→ TASK ITEM
Output every entry exactly as written, skipping any pictures.

+-------+

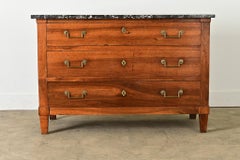 Französische Kommode aus Nussbaum und Marmor aus dem 19.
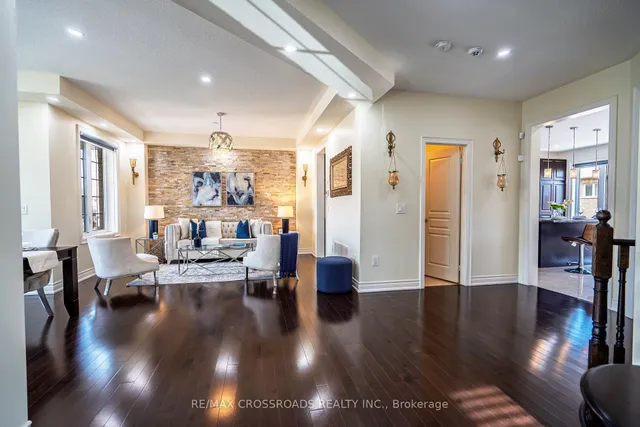 Additional image 7 of 119 Russell Creek Dr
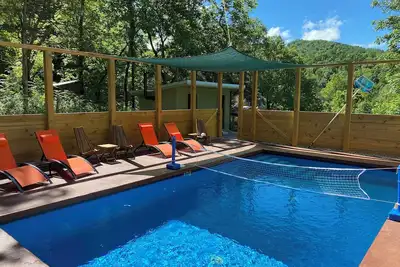 Image de Cozy cottage with Private hot tub and year round pool.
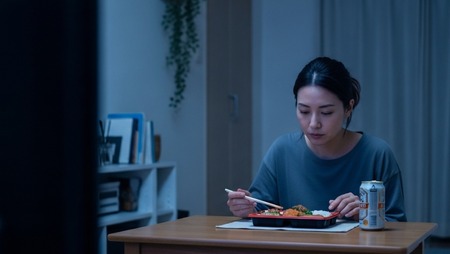 【結婚】「配偶者がいない人が5割」の社会がもうすぐ来る？ “結婚しない人が増える”日本の未来とは…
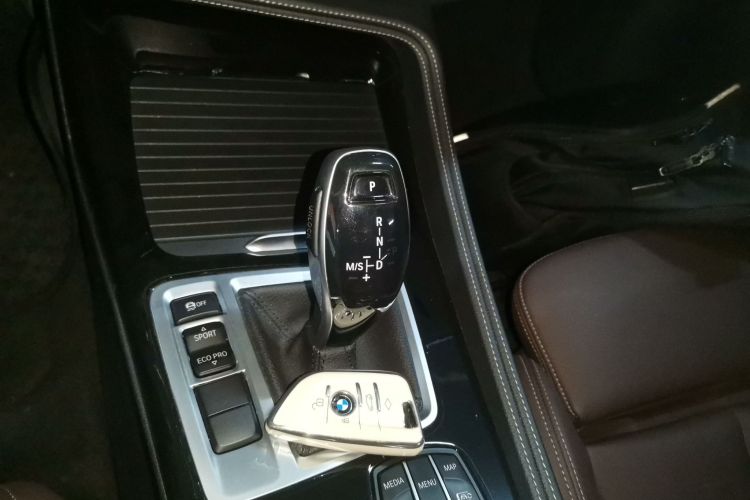 宝马1系 2021款 120i M运动曜夜版中控内饰18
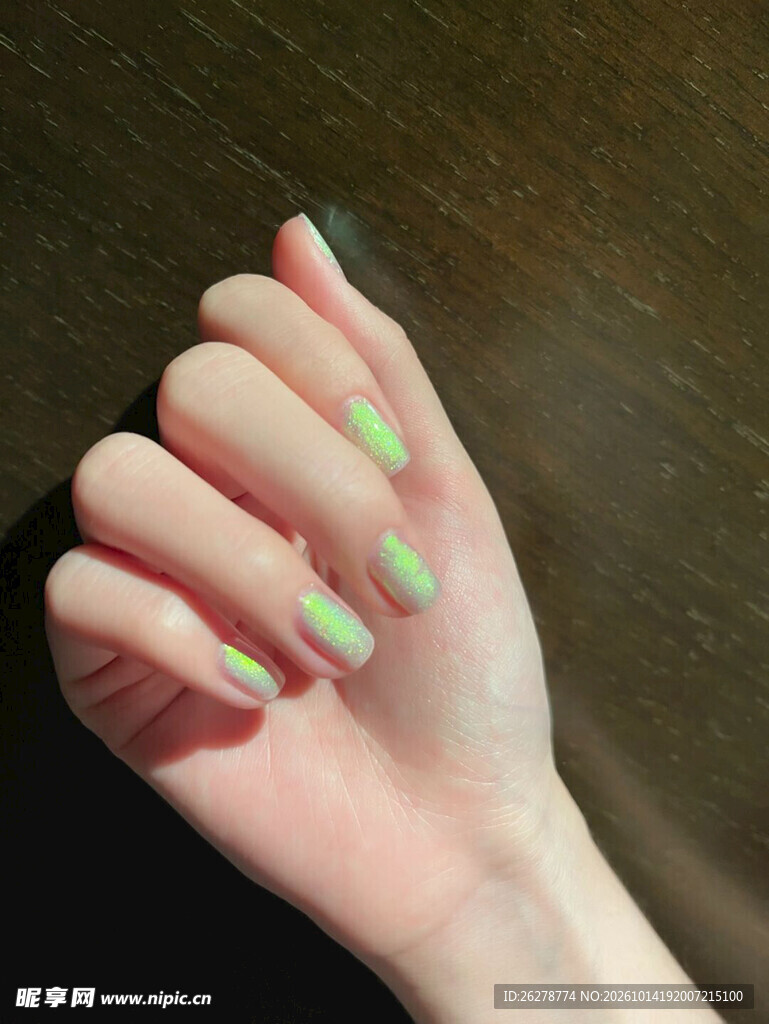 荧光绿美甲手部特写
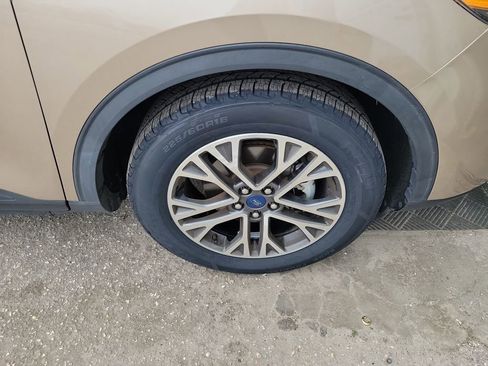 Used 2020 Ford Escape SEL image 2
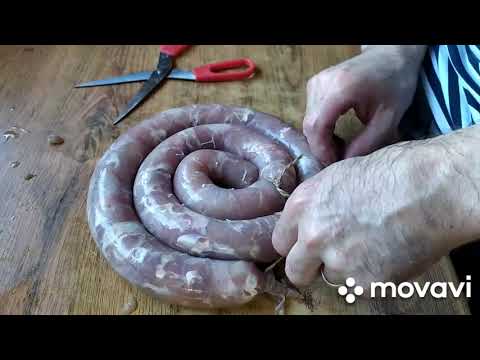 Видео: Колбаса из кролика в домашних условиях это просто. Очень вкусно и полезно.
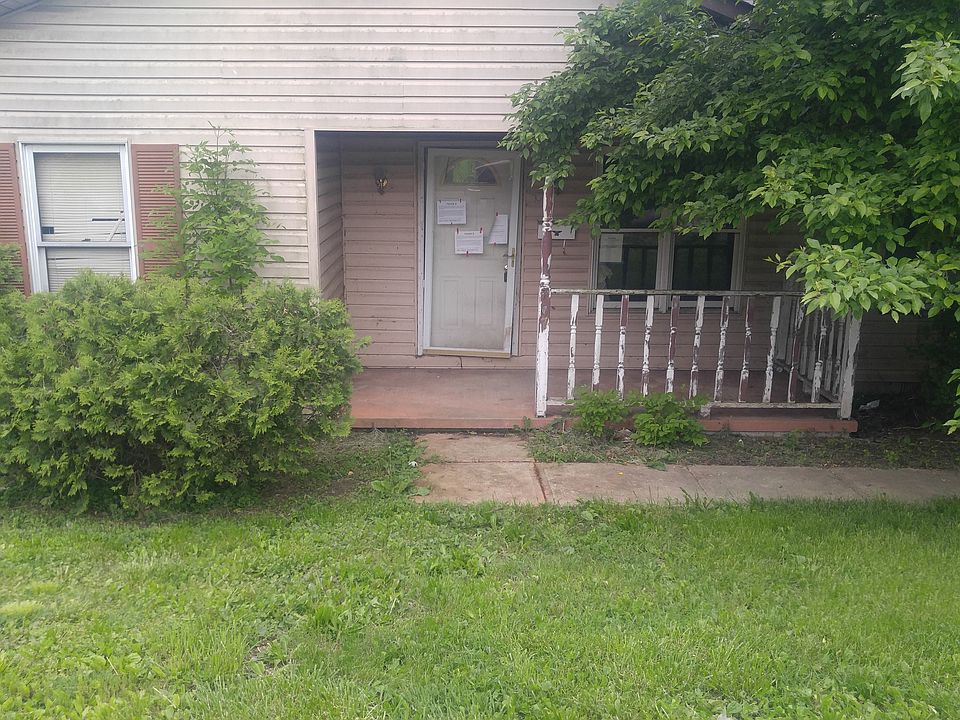 1st image of 707 John St Lot 3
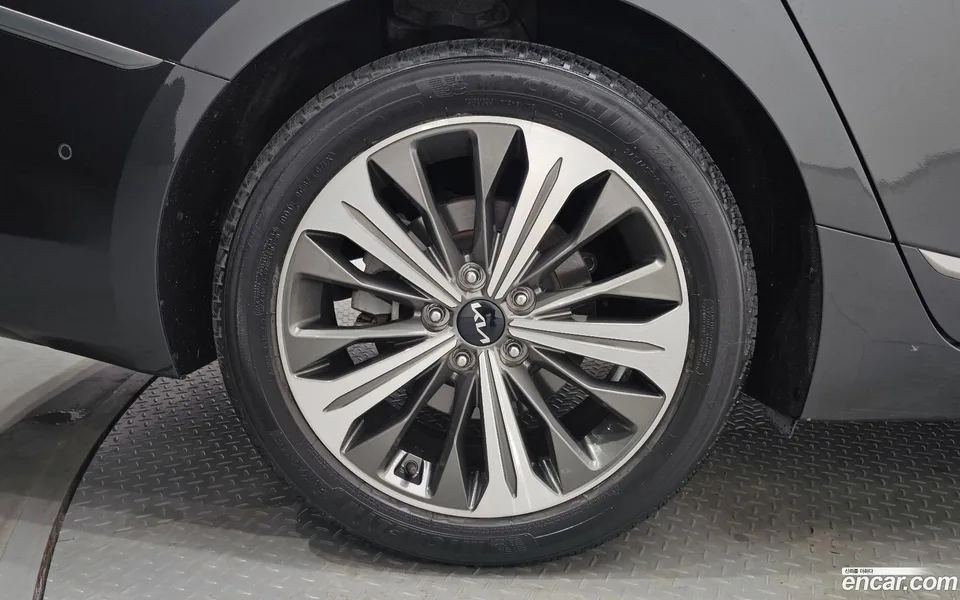 Kia K8 Hybrid 2022 — миниатюра 5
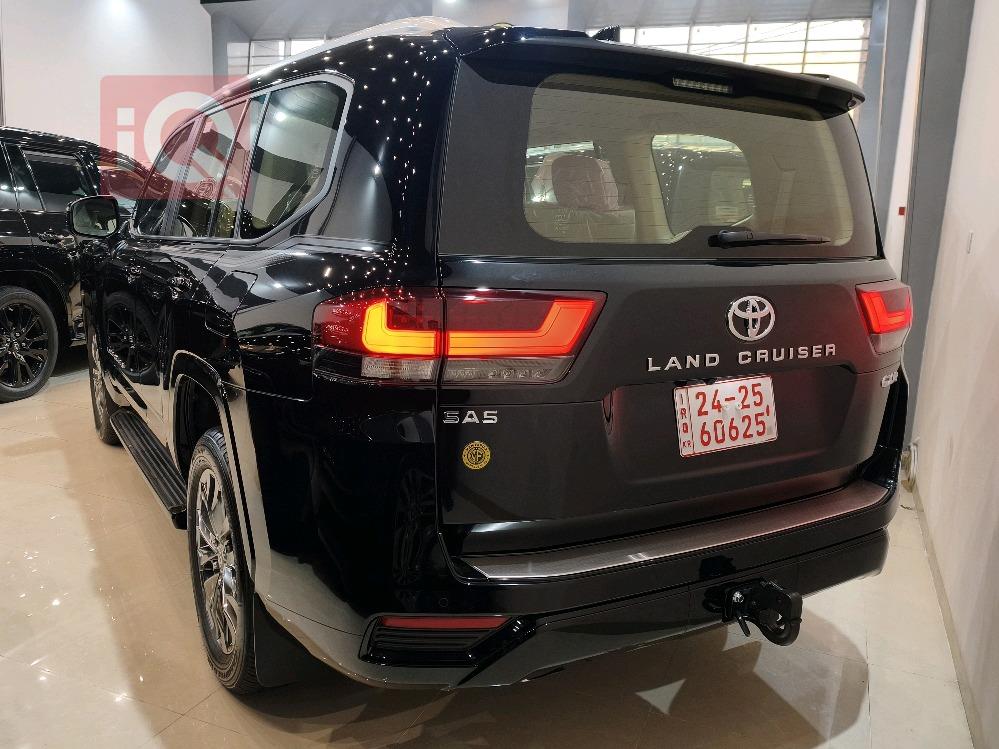 تويوتا لاندكروزر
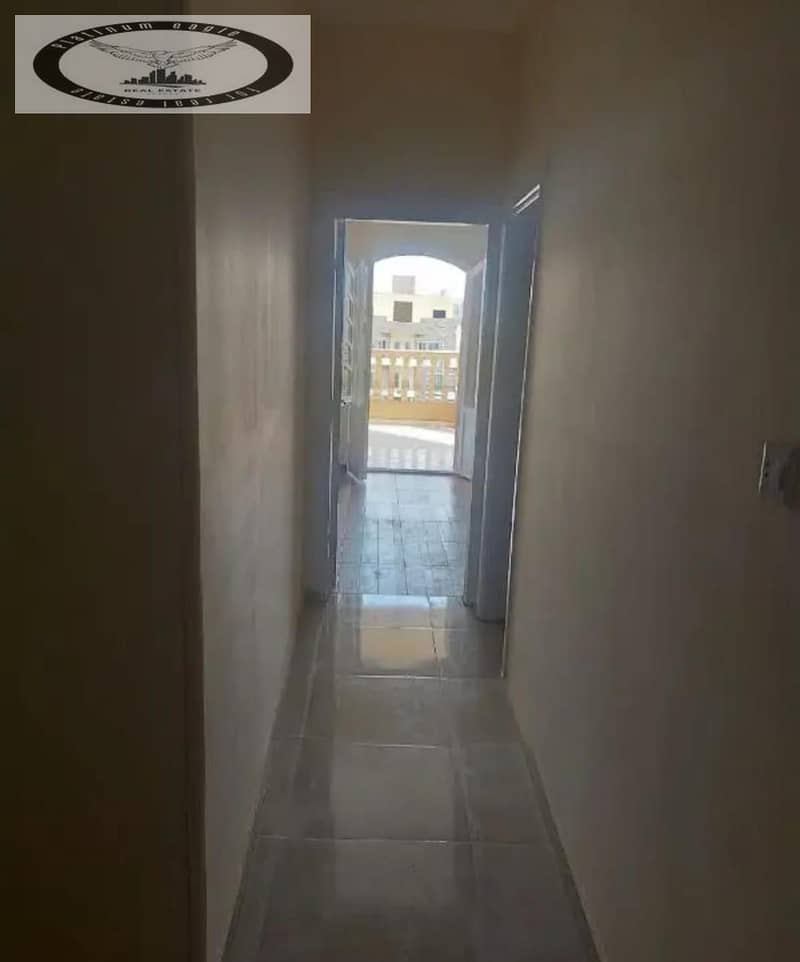 4 85089f2a-446e-46b2-a7c3-2b4557a2d2ad. jpg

+-------+

→ ANSWER TO THIS EXERCISE
 Französische Kommode aus Nussbaum und Marmor aus dem 19.
 Additional image 7 of 119 Russell Creek Dr
 Image de Cozy cottage with Private hot tub and year round pool.
 【結婚】「配偶者がいない人が5割」の社会がもうすぐ来る？ “結婚しない人が増える”日本の未来とは…
 宝马1系 2021款 120i M运动曜夜版中控内饰18
 荧光绿美甲手部特写
 Used 2020 Ford Escape SEL image 2
 Видео: Колбаса из кролика в домашних условиях это просто. Очень вкусно и полезно.
 1st image of 707 John St Lot 3
 Kia K8 Hybrid 2022 — миниатюра 5
 تويوتا لاندكروزر
 4 85089f2a-446e-46b2-a7c3-2b4557a2d2ad. jpg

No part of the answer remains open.